• [What the task requires] With the pictures left out, transcribe exactly the lines from the one with "Cotton On Blue Striped Cinch Shirt" through the end of the data.

• [Given data]
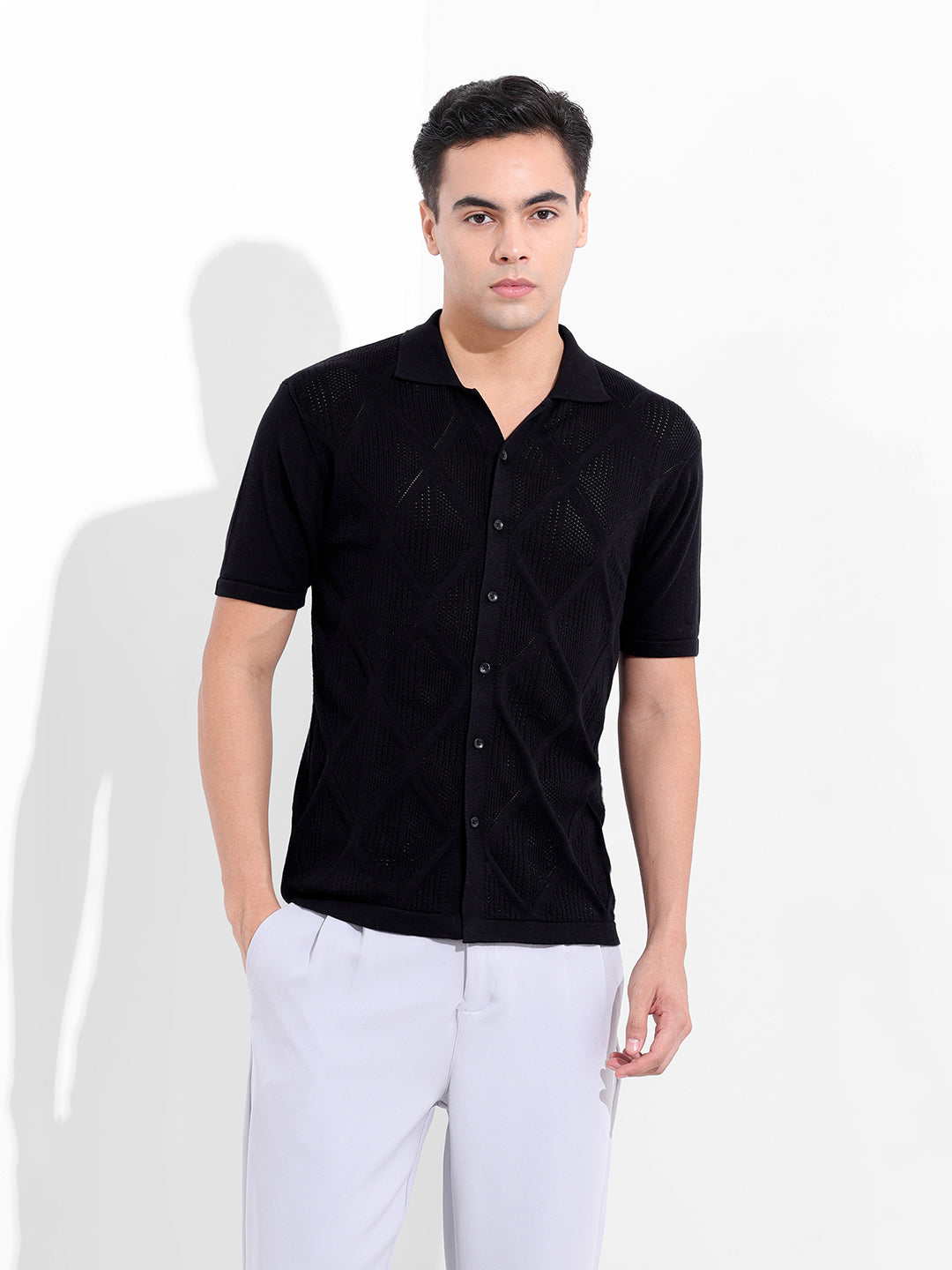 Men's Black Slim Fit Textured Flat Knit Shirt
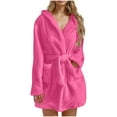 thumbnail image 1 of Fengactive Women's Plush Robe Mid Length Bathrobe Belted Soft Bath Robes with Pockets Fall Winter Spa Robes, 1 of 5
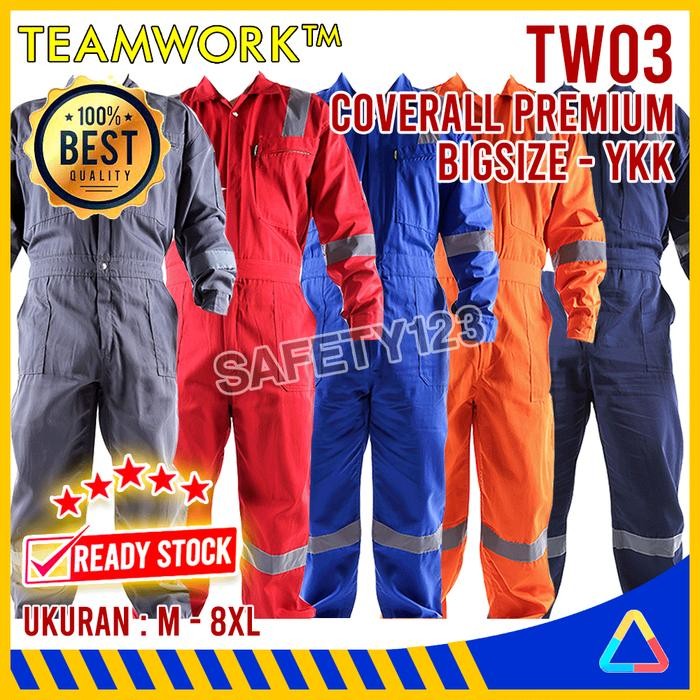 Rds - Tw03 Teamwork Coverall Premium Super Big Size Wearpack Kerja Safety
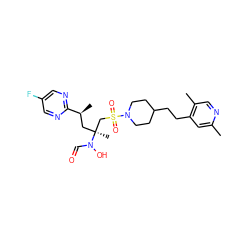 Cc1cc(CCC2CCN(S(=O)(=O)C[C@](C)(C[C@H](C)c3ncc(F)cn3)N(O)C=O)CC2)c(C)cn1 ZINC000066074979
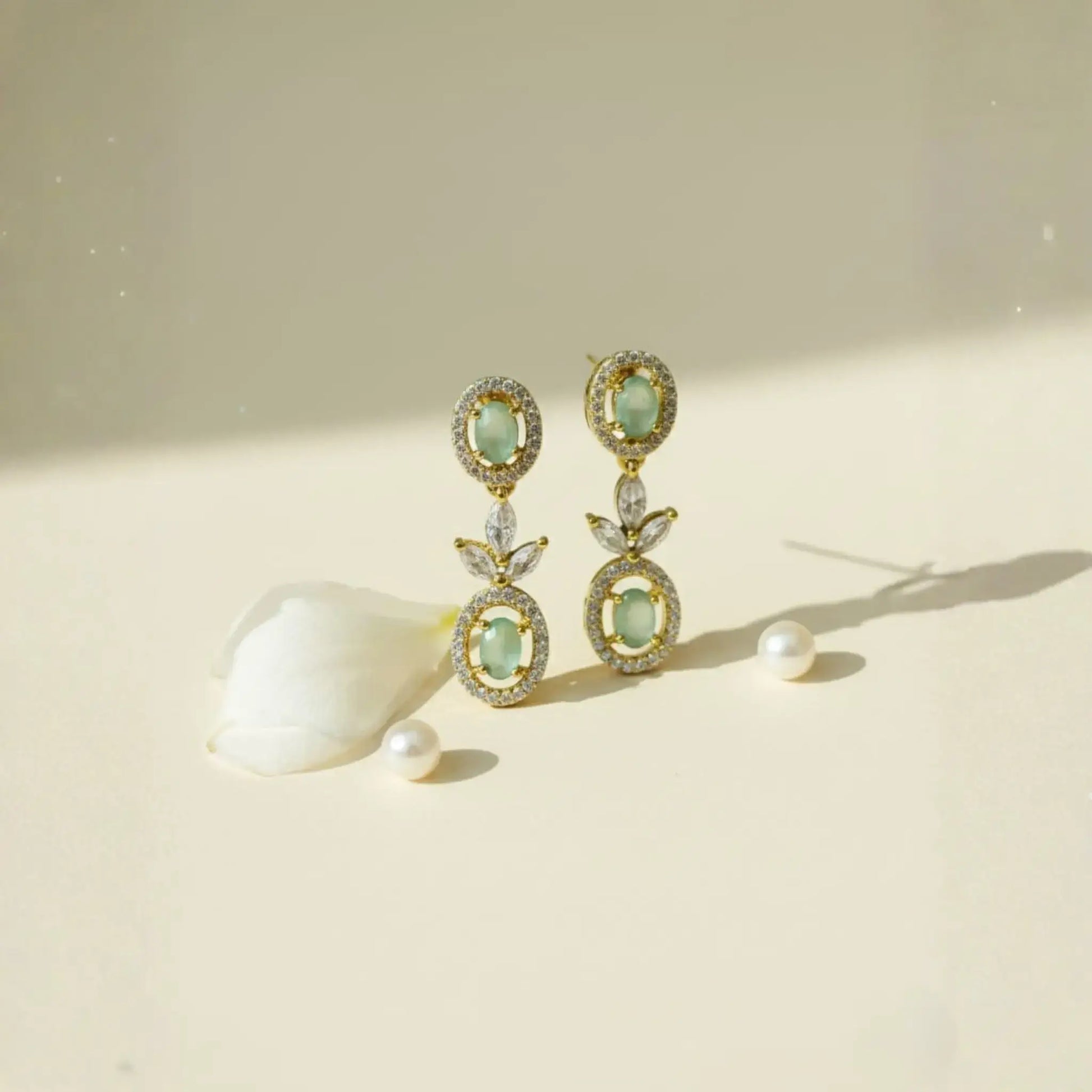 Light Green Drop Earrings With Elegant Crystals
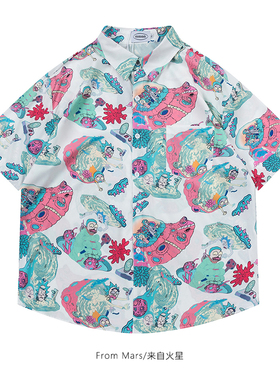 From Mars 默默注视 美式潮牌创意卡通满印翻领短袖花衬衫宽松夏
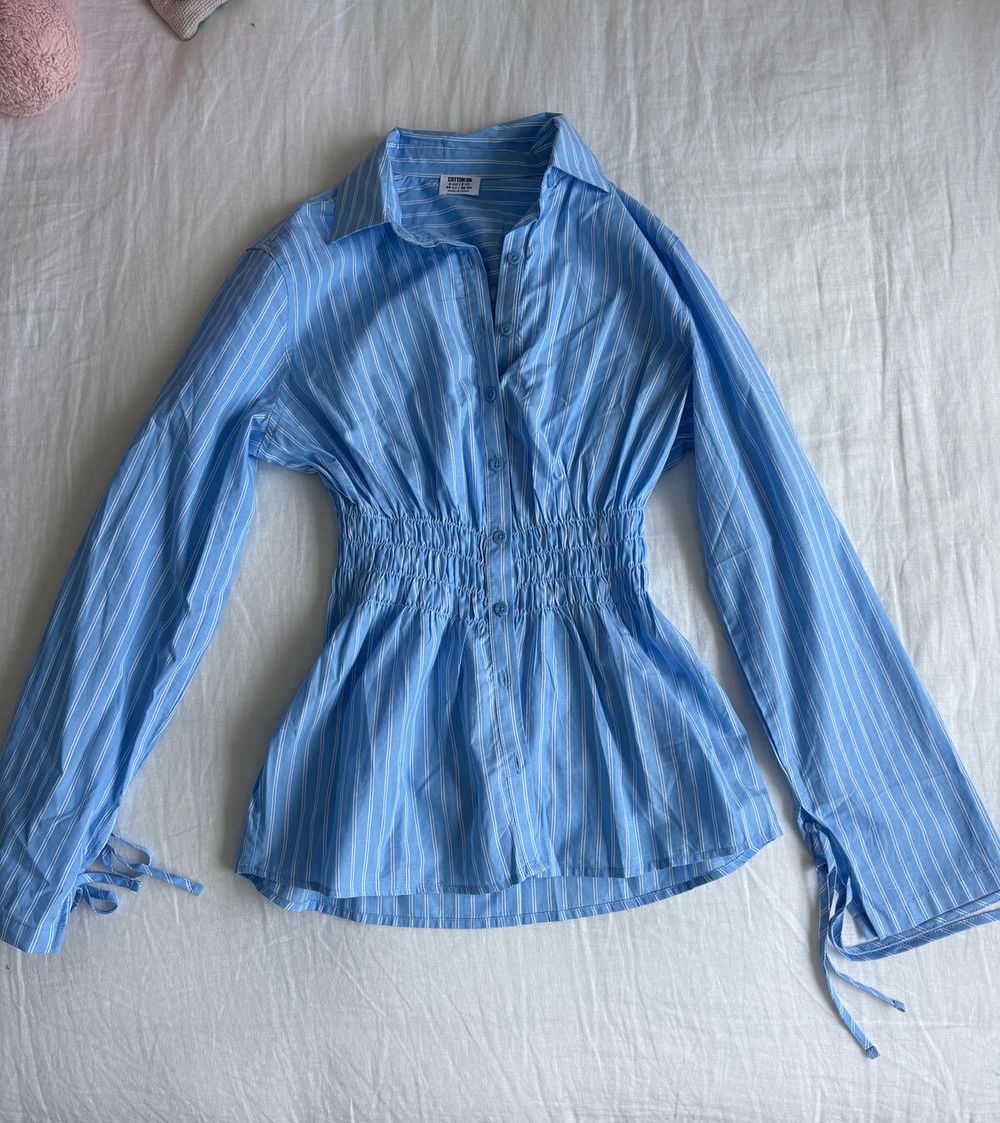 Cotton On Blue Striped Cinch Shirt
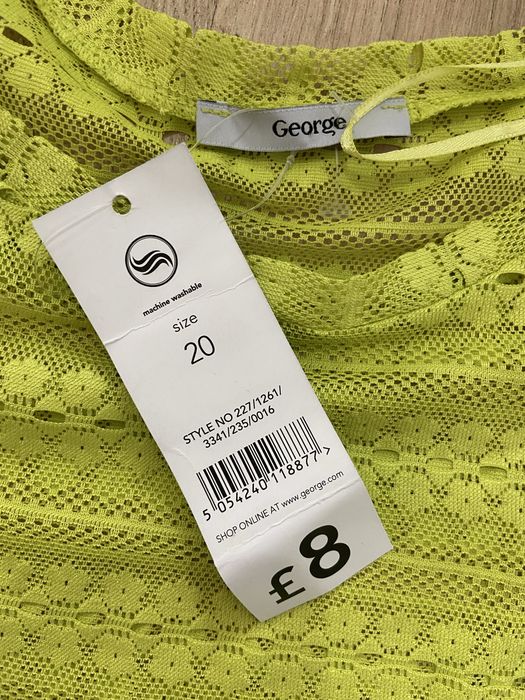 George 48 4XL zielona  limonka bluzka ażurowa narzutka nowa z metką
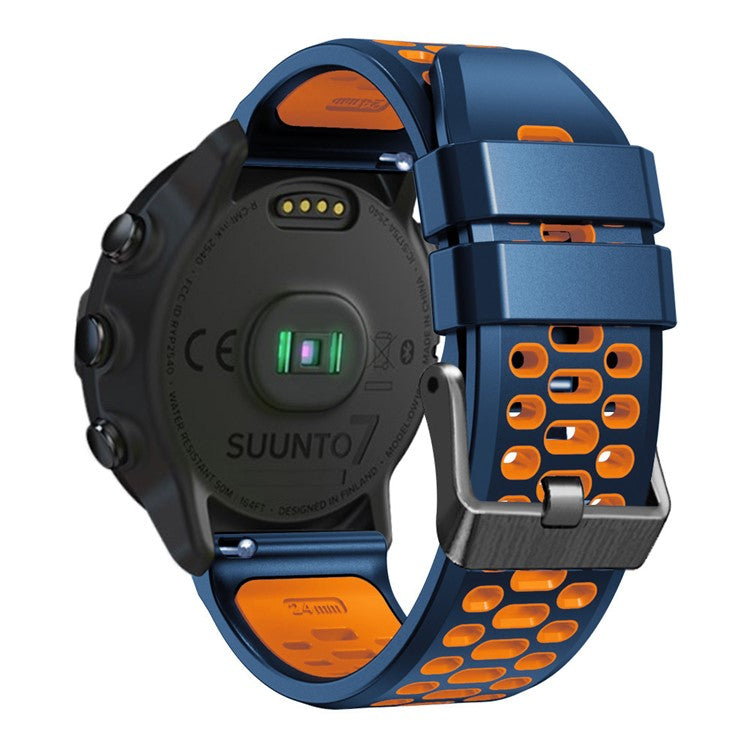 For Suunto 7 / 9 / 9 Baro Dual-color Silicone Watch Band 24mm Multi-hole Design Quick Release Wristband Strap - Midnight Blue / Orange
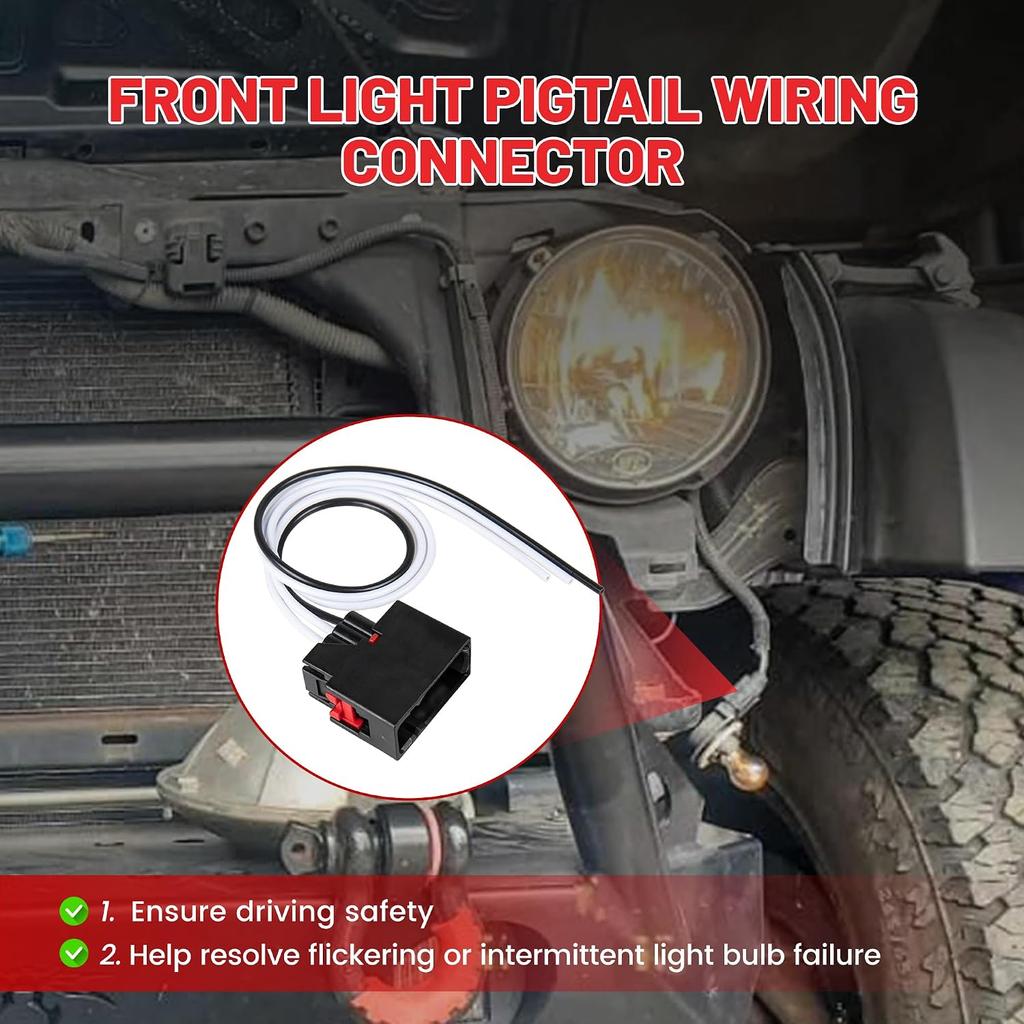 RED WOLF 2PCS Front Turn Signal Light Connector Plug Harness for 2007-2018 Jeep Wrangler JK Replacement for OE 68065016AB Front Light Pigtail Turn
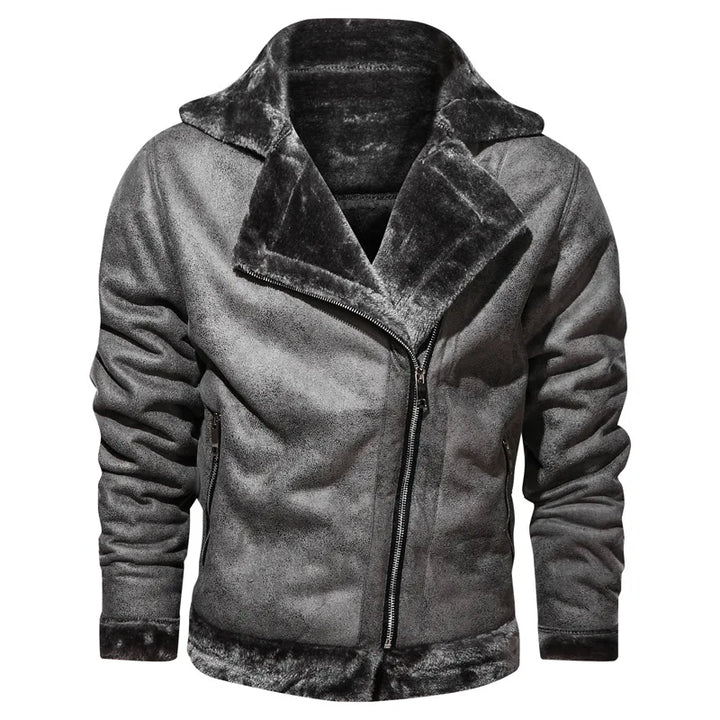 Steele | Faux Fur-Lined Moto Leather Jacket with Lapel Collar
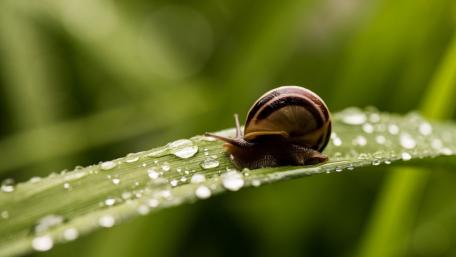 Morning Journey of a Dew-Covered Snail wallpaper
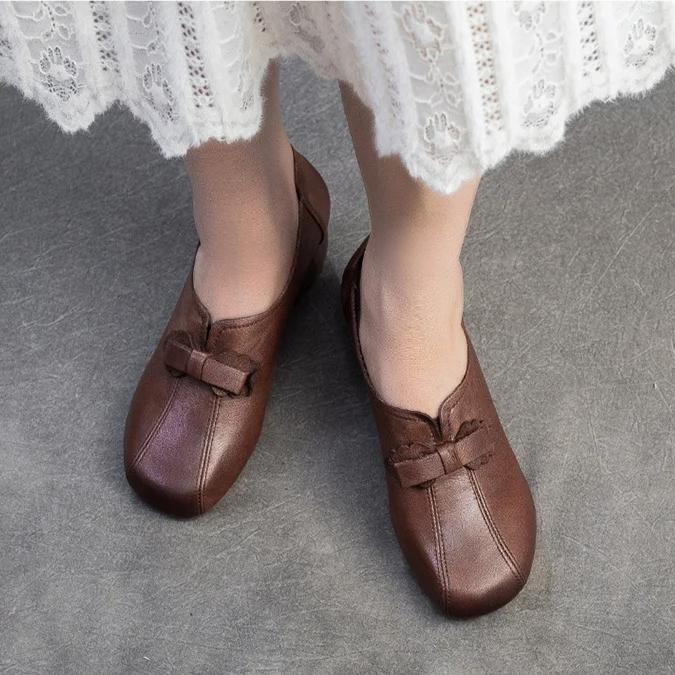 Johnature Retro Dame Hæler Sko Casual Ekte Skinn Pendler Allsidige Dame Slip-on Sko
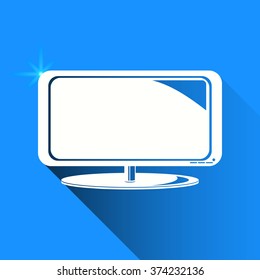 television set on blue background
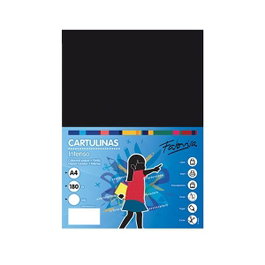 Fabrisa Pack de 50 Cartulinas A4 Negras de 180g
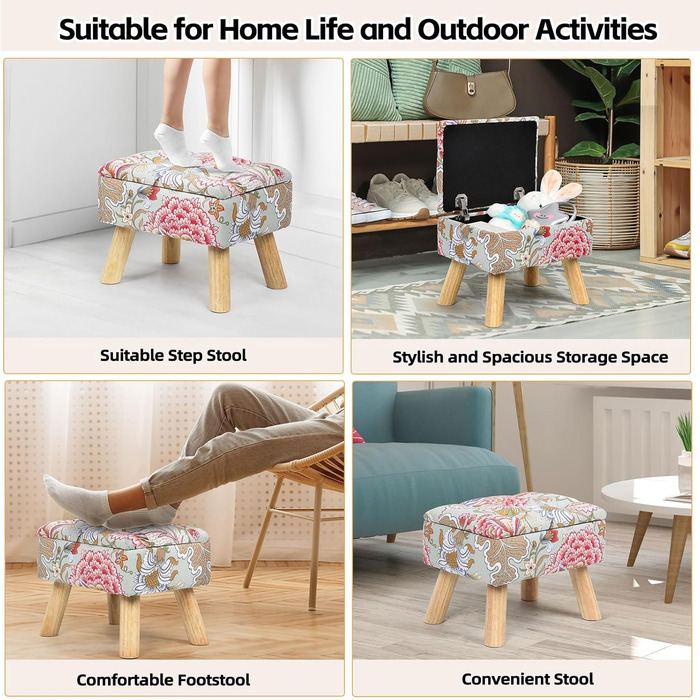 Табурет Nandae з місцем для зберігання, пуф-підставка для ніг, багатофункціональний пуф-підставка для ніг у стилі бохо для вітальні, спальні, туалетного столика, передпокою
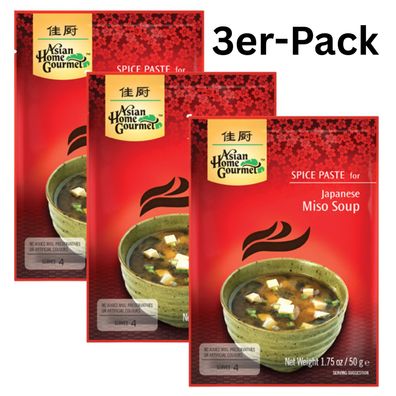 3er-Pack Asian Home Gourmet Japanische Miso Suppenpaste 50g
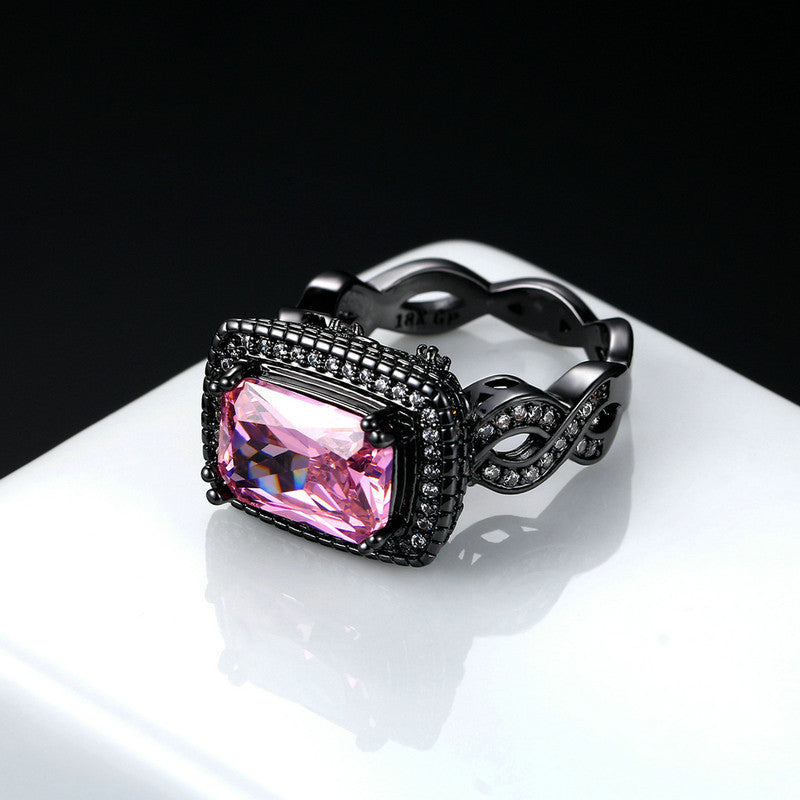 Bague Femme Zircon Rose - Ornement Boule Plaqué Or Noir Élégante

• [Finished exercise]
 Cotton On Blue Striped Cinch Shirt
 George 48 4XL zielona  limonka bluzka ażurowa narzutka nowa z metką
 For Suunto 7 / 9 / 9 Baro Dual-color Silicone Watch Band 24mm Multi-hole Design Quick Release Wristband Strap - Midnight Blue / Orange
 RED WOLF 2PCS Front Turn Signal Light Connector Plug Harness for 2007-2018 Jeep Wrangler JK Replacement for OE 68065016AB Front Light Pigtail Turn
 Steele | Faux Fur-Lined Moto Leather Jacket with Lapel Collar
 Morning Journey of a Dew-Covered Snail wallpaper
 Johnature Retro Dame Hæler Sko Casual Ekte Skinn Pendler Allsidige Dame Slip-on Sko
 television set on blue background
 Fabrisa Pack de 50 Cartulinas A4 Negras de 180g
 Табурет Nandae з місцем для зберігання, пуф-підставка для ніг, багатофункціональний пуф-підставка для ніг у стилі бохо для вітальні, спальні, туалетного столика, передпокою
 3er-Pack Asian Home Gourmet Japanische Miso Suppenpaste 50g
 Bague Femme Zircon Rose - Ornement Boule Plaqué Or Noir Élégante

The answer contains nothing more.